Supporting the people behind the mission.

 Volunteers of America Southeast delivers housing, healthcare, and human services across Alabama, Georgia, and Mississippi, supported by more than 600 staff. To better connect their mission-driven work with day-to-day decision-making, VOA Southeast used Envisio to bring structure, visibility, and consistency to their strategic plan and performance reporting.

Starting with existing data and a measured rollout, VOA Southeast strengthened alignment and accountability, without overloading already busy teams.

VOA East: Bringing Strategy to the Front Lines of Service

Volunteers of America Southeast (VOA Southeast) supports people in need across Alabama, Georgia, and Mississippi. Their work spans housing, healthcare, mental health support, and human services, delivered by a team of over 600 staff. 

Faith is central to the work of VOA Southeast. Their shared mission—what they call their “ministry of service”—is rooted in a deep commitment to serving others with dignity and care.

Children playing jump rope to represent Youth Programming

To execute their latest strategic plan and improve visibility into organizational performance, VOA Southeast turned to Envisio. The goal: build a framework that would support clear reporting, accountability across teams, and more confident decision-making, without overwhelming staff already stretched across essential programs.

Strategy as Communication

VOA Southeast had worked with strategic plans in the past, but they weren’t designed to guide day-to-day decision-making. These earlier plans didn’t reflect the complexity of their work, nor did they provide a system for measuring progress. 

Volunteers helping carry supplies from a van

When Laura Chandler, the current Chief Strategy & Innovation Officer for VOA Southeast was first brought in as a consultant, she helped facilitate the development of a new plan using a balanced scorecard framework.

“Once you’re inside the organization, you begin to see things from a totally different angle,” she said. “It was eye-opening. We had to refresh the plan in the first year because I began to understand the intricacies of how things actually worked.”

After joining the organization full-time, she quickly recognized how different the work looks from the inside, and how much more intentional the planning process needed to be to drive results.

From the start, she emphasized the need to not only execute the plan, but also use it to communicate more clearly, both internally and externally. Many of VOA Southeast’s strategic objectives were intentionally written like mission statements, doubling as messaging points that staff and partners could easily understand and repeat. After leading the creation of a new plan using a balanced scorecard framework, Laura joined the organization full-time and began laying the groundwork for implementation.
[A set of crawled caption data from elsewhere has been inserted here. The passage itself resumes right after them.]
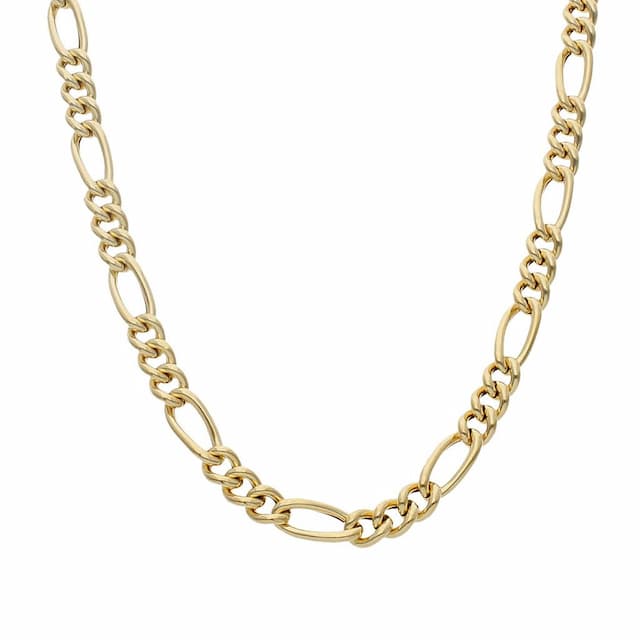 Imagen del productoCOLLAR ORO 18KL HUECO 3x1 - 6MM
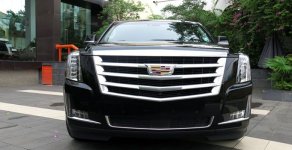 Cadillac Escalade  Esv Premium  2017 - Bán xe Cadillac Escalade Esv Premium đời 2017, màu đen, nhập khẩu nguyên chiếc giá 10 tỷ tại Hà Nội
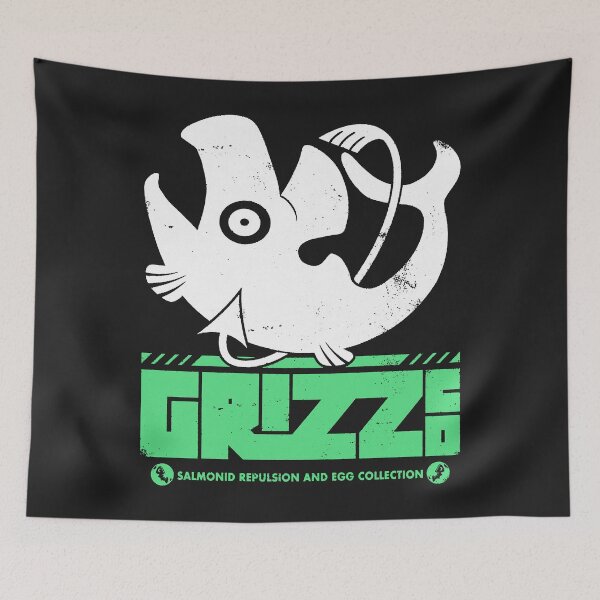 Item preview, Salmon run essential t shirt designed and sold by Bitettosalomon.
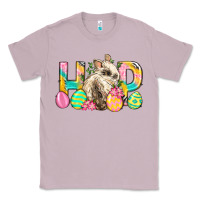 Lilac Hop Rabbit Easter Classic Tee - Neo Western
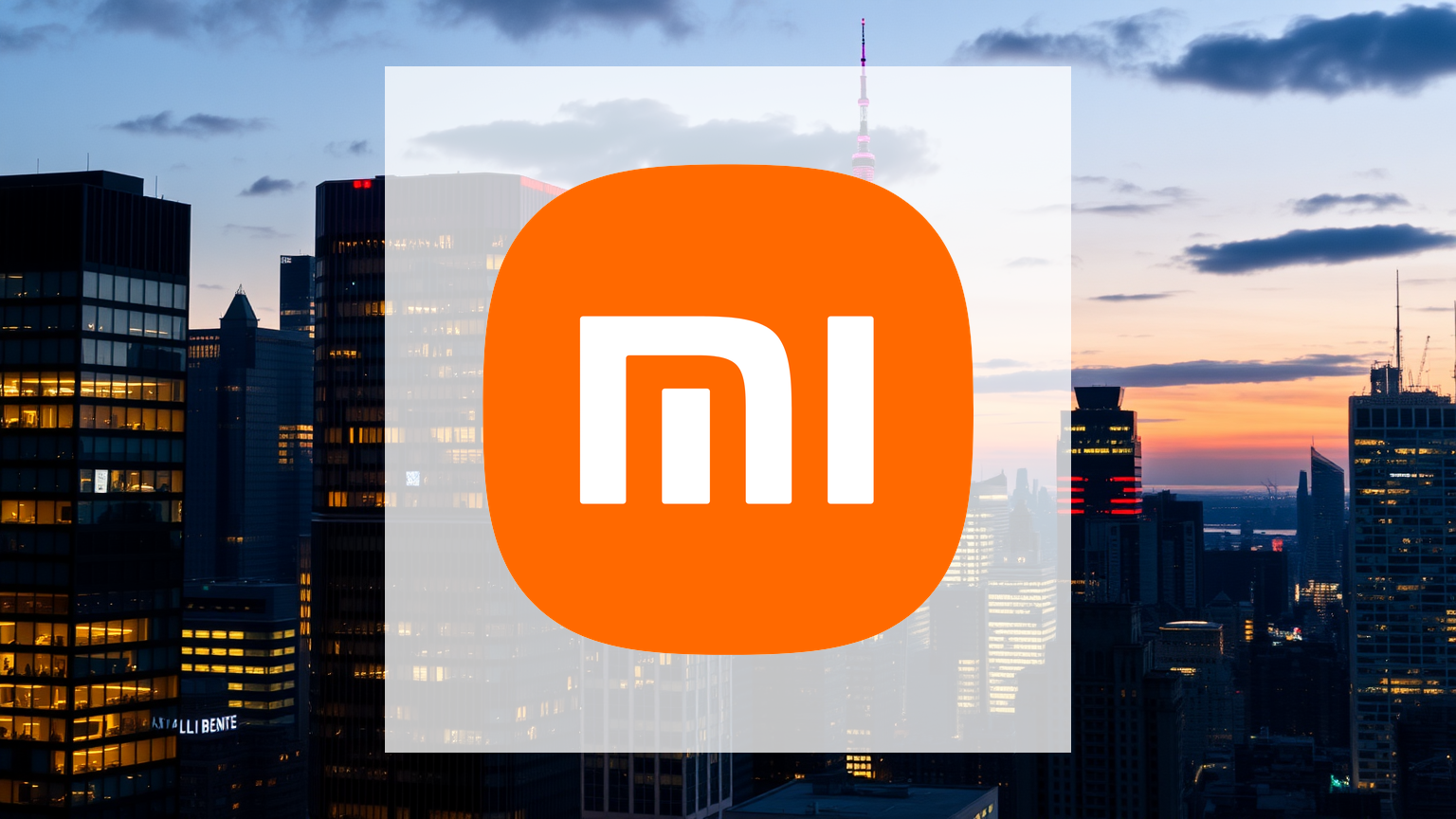 Xiaomi Aktie - Beitragsbild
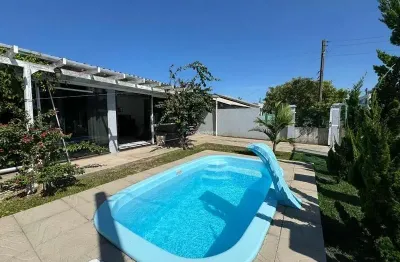 Casa com 3 quartos à venda no Atlântida Sul (Distrito), Osório 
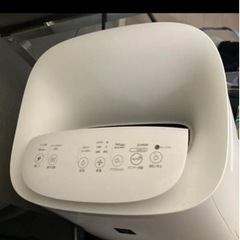 SHARP シャープ　KI-LX75-W 加湿清浄機　空気清浄機　最高級モデル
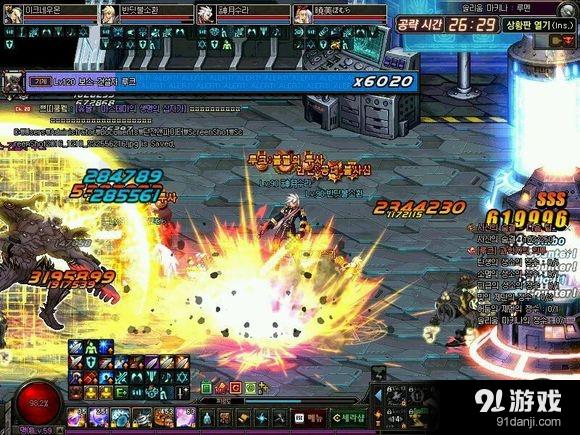 《DNF》阿修羅盧克定位與攻略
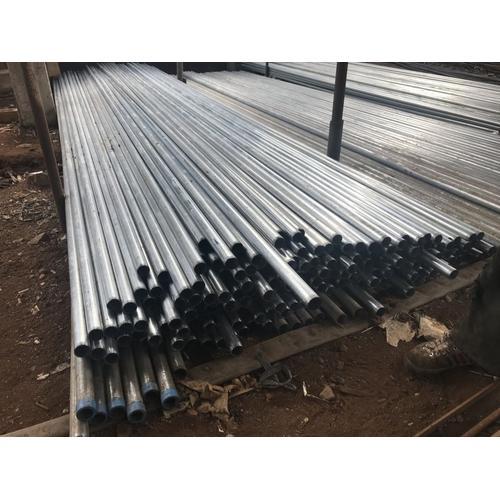 

Pipa Besi LEDENG 1/2 inch INCI " 1/2" tebal 2.8mm MM SETENGAH 6M METER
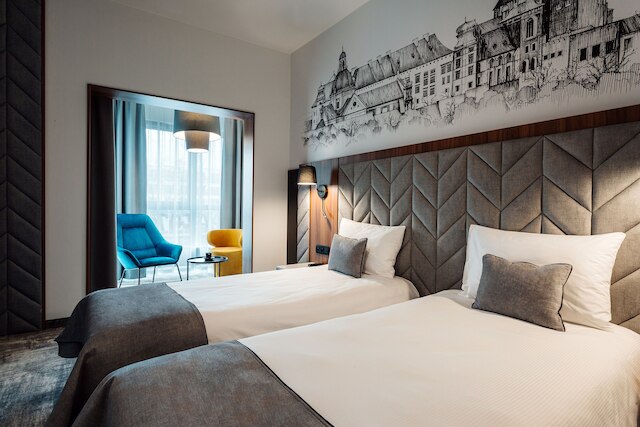 フォーカス ホテル プレミアム クラクフ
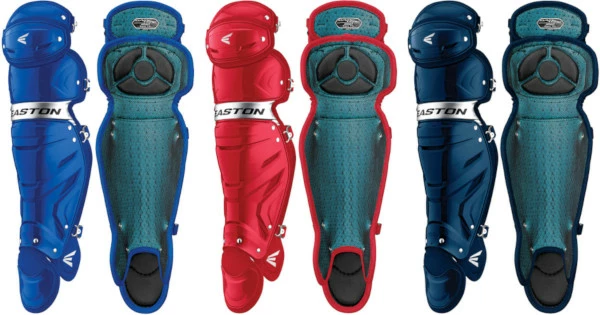 Easton Gametime A165420 Intermediate Baseball Leg Guards 4 Easton Gametime A165420 Intermediate Baseball Leg Guards - Image 2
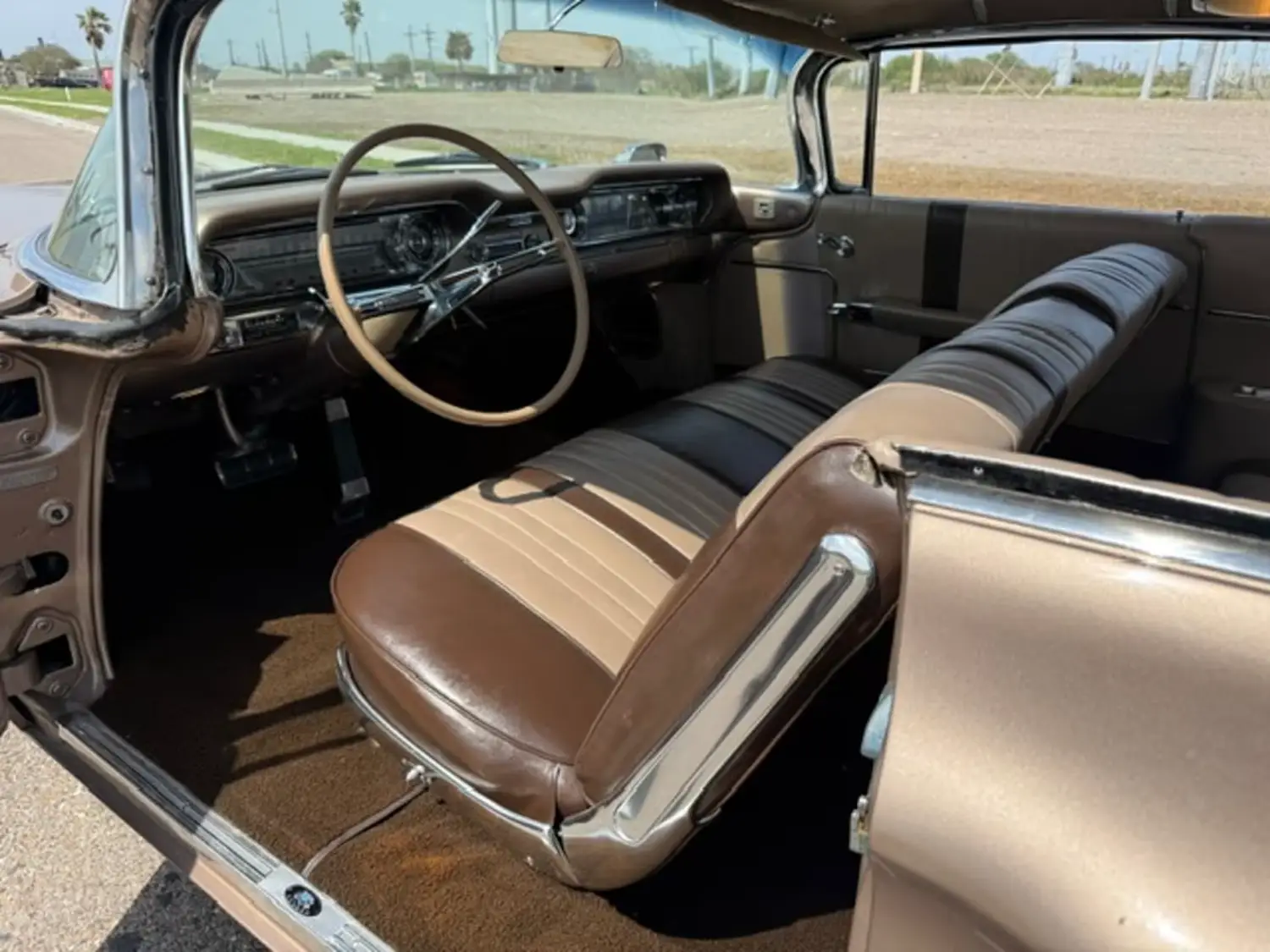 1960 Oldsmobile 98 BubbleTop 1960 Oldsmobile 98 BubbleTop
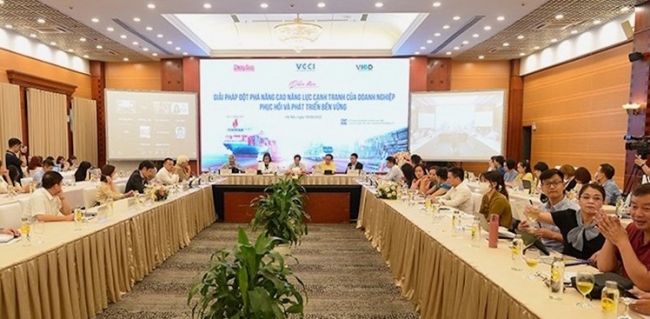 giai phap nao de doanh nghiep phuc hoi va phat trien ben vung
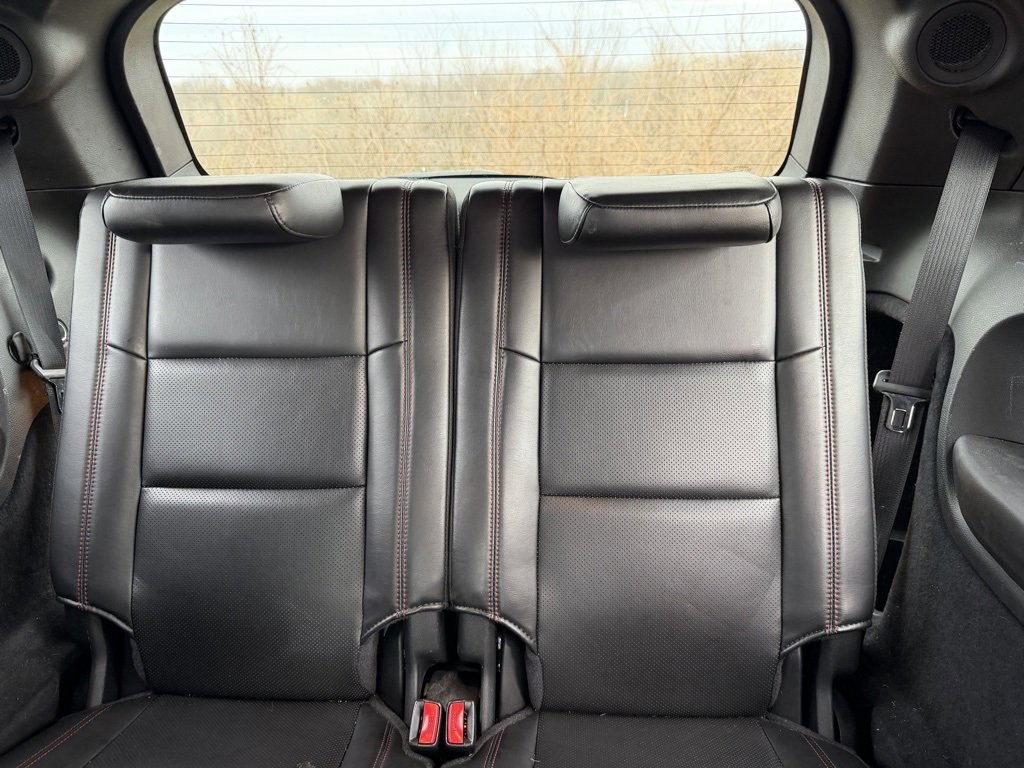 Used 2018 Dodge Durango R/T w/ Blacktop Package image 14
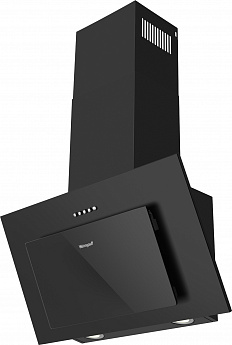 картинка Кухонная вытяжка Weissgauff Yota 600 PB BL 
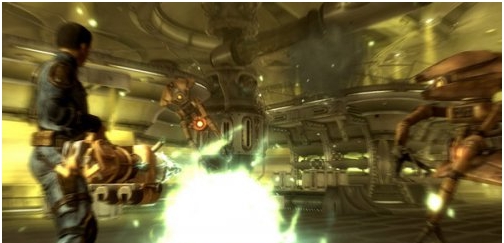 辐射3年度版九项修改器 v1.7.0.8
From the beginning, Laura knew that the VOA Southeast team would need a tool to turn strategy into operational routines. That’s when she brought in Envisio.

“We weren’t interested in just writing a plan. We needed to build the structure to act on it, and report on our progress with credibility.”

Starting with What They Had: Data First, Then Strategy

VOA Southeast didn’t wait for perfection before moving forward. Before the new strategic plan even launched, the team began using Envisio to digitize and visualize more than 20 years’ worth of performance data from what they called their “global dashboard” for their board. 

That data had long been maintained in a sprawling spreadsheet and used in quarterly board meetings, but of course, it wasn’t actionable or easily shared across teams.

Volunteer helping to push a man in a wheelchair

“We probably did things a little backwards! We started with the data because it was something we already had,” said Laura. “And we knew we wanted to stop spending hours manually building reports.”

The result was a new, dynamic dashboard delivered to the board at the end of FY24. With real-time data and visuals, the tool offered a clearer picture of performance than the static reports they had relied on for years.

Department Engagement and Steady Rollout

Laura emphasized that this early use of Envisio helped build buy-in. Her team approached the first year as a baseline period—focused on learning the tool and establishing routines, not enforcing targets. Training was rolled out in manageable phases, starting with those who owned data sources and expanding to goal and project owners. After each group session, Laura followed up individually with element owners to reinforce skills and help them succeed.

Board meeting taking place to discuss department's Envisio software engagement and rollout

“I wanted to do the setup myself so I could learn the tool inside and out,” she said. “You can’t just hand someone software and say, ‘Go do it.’ You have to walk with them through it.”

“The entire team at Envisio was phenomenal.”

That hands-on approach—from both internal leadership and Envisio’s implementation team—set the tone for adoption. “The entire team at Envisio was phenomenal. Shiraz was phenomenal,” Laura added. “Every meeting, we got further, because we put in the work.”

Rollout was intentional and paced. The internal implementation was led directly by the strategy office.

“Doing the work ourselves helped us understand the tool deeply, and gave us the ability to support others.”

This model worked. Most team members picked it up quickly; others benefited from more direct support. Either way, the structure was in place to ensure no one was left behind.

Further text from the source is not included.